以下は明治11、12年ごろに編纂された南高麗地誌の記載です。
(『南高麗郷土史 資料集・一 地誌・村誌』(平成9.11.1)で復刻されたものを参照)
淵
竜宮淵ト称ス村ノ西ノ方字前箇貫岩井堂ノ巖下ニテ成木川ノ上流ニアリ
深底測ルヘカラス
土人ノロ碑二昔時享和年間村民築地武助ト云ルモノアリ
頗ル水練二達ス人呼水虎ト字スス
一時水底ヲ測量セント欲シ水中二投シ之ヲ窺フニ東方二一ツノ洞穴アリ
其奥ヲ量ラント深底水極メテ寒冷ニシテ耐ヘカラスト云リ
三間余リノ竹竿ヲ以テ探窺フト云トモ極ル所ヲ知ラス
土人附会シテ洞穴竜宮界二通スト称シテ之力名称トセリ
(意訳)
竜宮淵というものがある。場所は、村の西方の小字前ヶ貫の、岩井堂の岩の下で、上流側になる。底が深くて測ることができない。
土地の者の言い伝えでは、享和年間(1801〜1803年)に築地武助という村人が居て、
水泳が大変上手で水虎と呼ばれるほどであった。
あるとき底を測ろうとして水中に潜って見ると、東のほうにひとつの洞窟があった。
奥行きがどのくらいあるのか調べようとしたが、水が非常に冷たくて耐えられないほどである。

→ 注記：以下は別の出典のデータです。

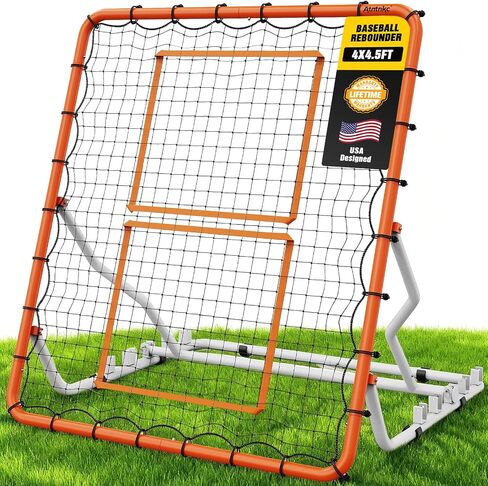 Baseball Rebounder Net 4x4.5FT with 5 Adjustable Angles,Pro Pitch Back Trainer for Volleyball/Softball/Soccer, Solo Practice for Ground, Line Drive & Fly Balls, Durable UV Resistant Net & Steel Frame in Kuwait
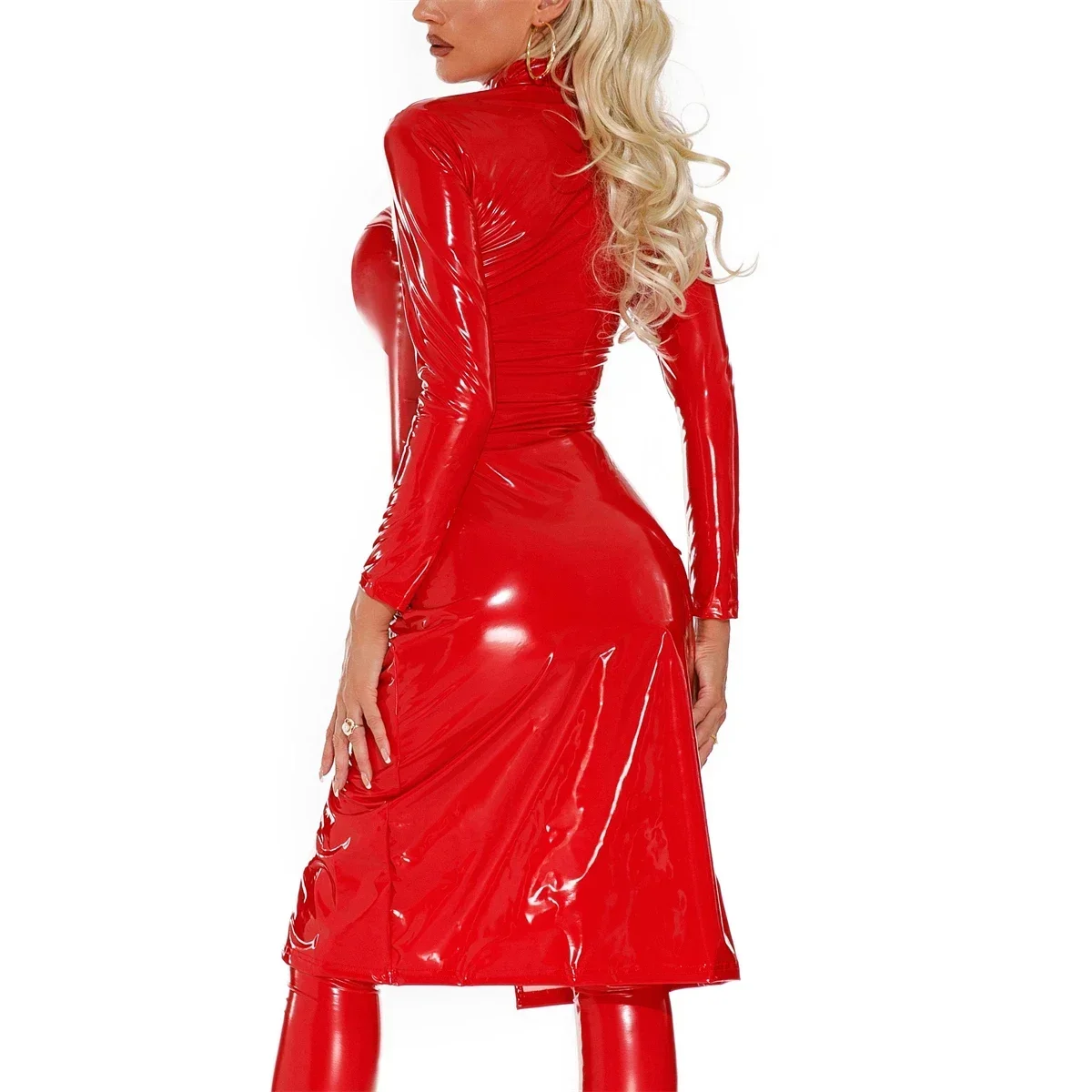 Vestido Sexy brillante con aspecto húmedo para mujer, vestidos picantes de cuero de PVC con cremallera, vestidos ceñidos de manga larga, disfraces de juego de rol para club nocturno y Carnaval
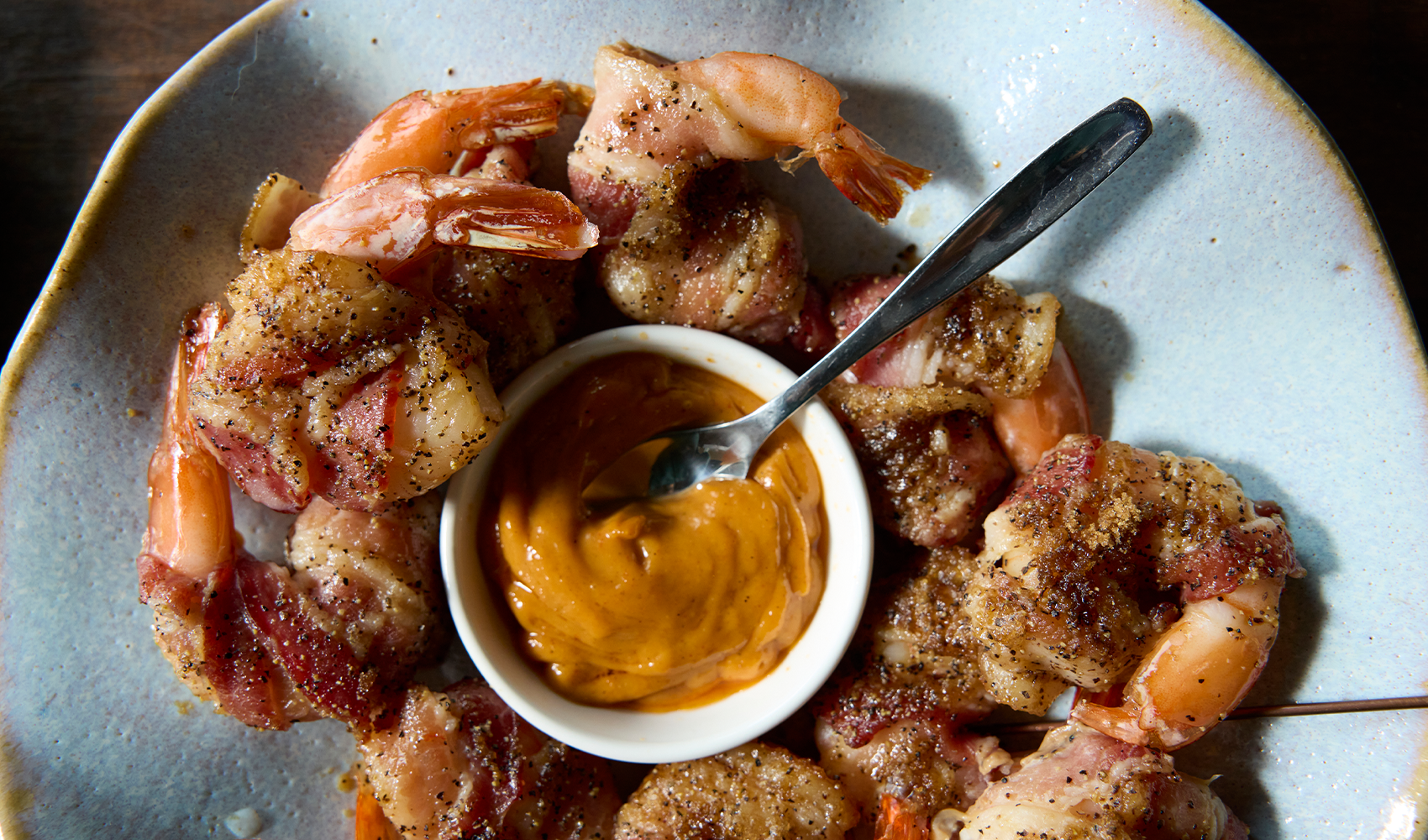 Candied Bacon-Wrapped Shrimp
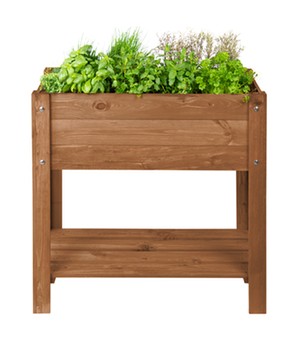 Hochbeet mit Ablage Dunkelbraun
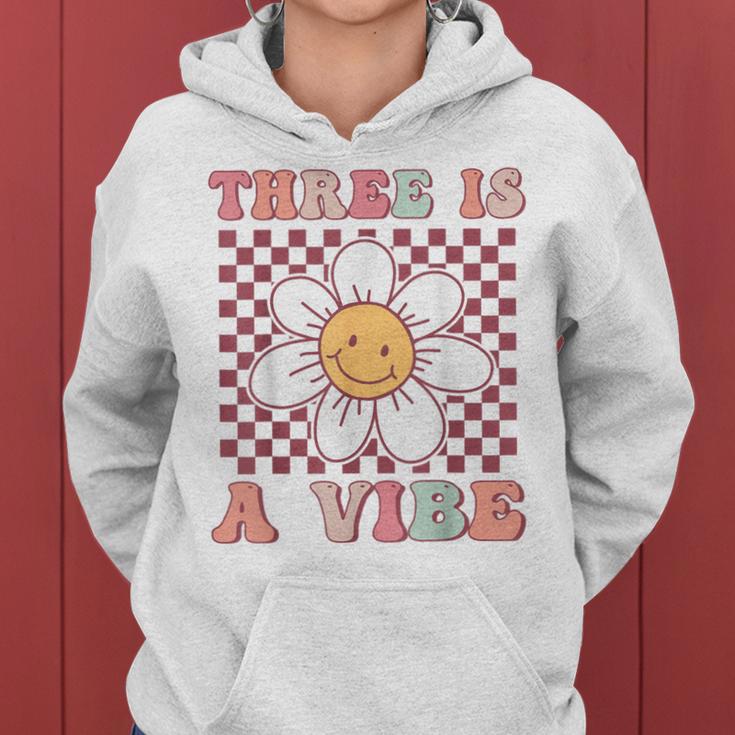 Three Is A Vibe Cute Groovy 3Rd Birthday Party Daisy Flower Women Hoodie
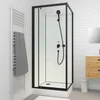 Cabine de douche carr?e 80x80x200 cm - Porte pivotante - Fonds Blancs & Profil?s Noir Mat
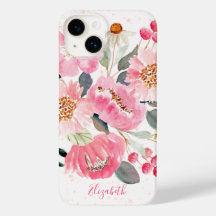 Aquarelle rose Fleurs de Jardin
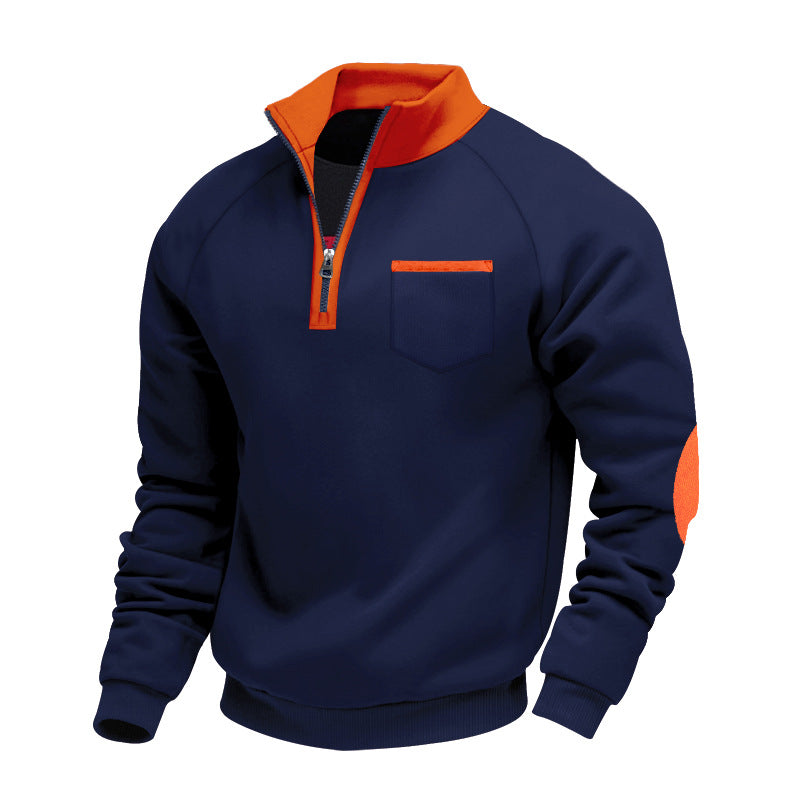 Men's Nano Fleece Half-Zip Pullover with Chest Pocket and Elbow Patches StylebySassy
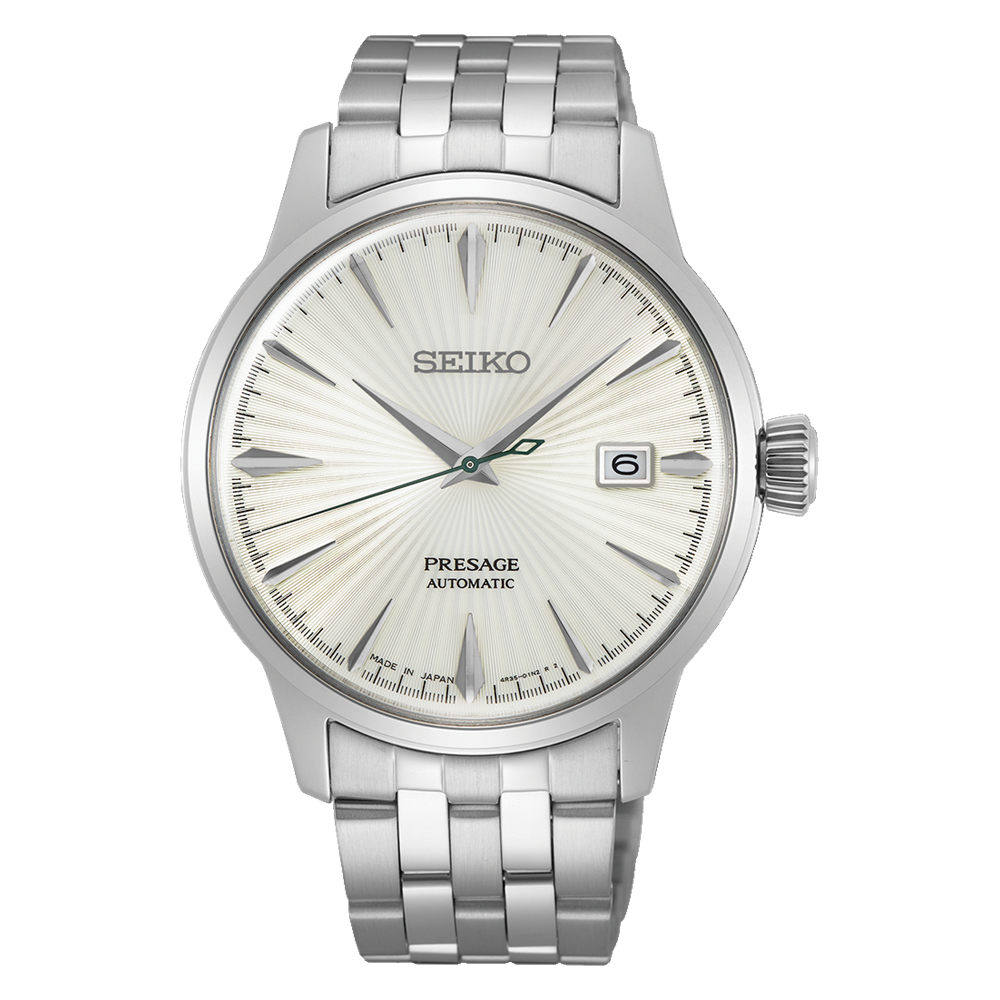SEIKO PRESAGE – ‘The Martini’ Cocktail Time Silver Dial Watch SRPG23J1 WATCH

5〜6メートルほどの竹竿を持ってきて探って見るも、奥までは届かない。
土地の者は、この洞窟は竜宮界に通じていると考え、竜宮淵と呼んだ。
ひょっとしたら竜宮淵はここではなくもう少し上流側の別のどこかかもしれませんが、 本当に洞窟があるかどうかはともかく、竜宮伝説が語られるというのはなかなか意味深なのではないかと思うのです。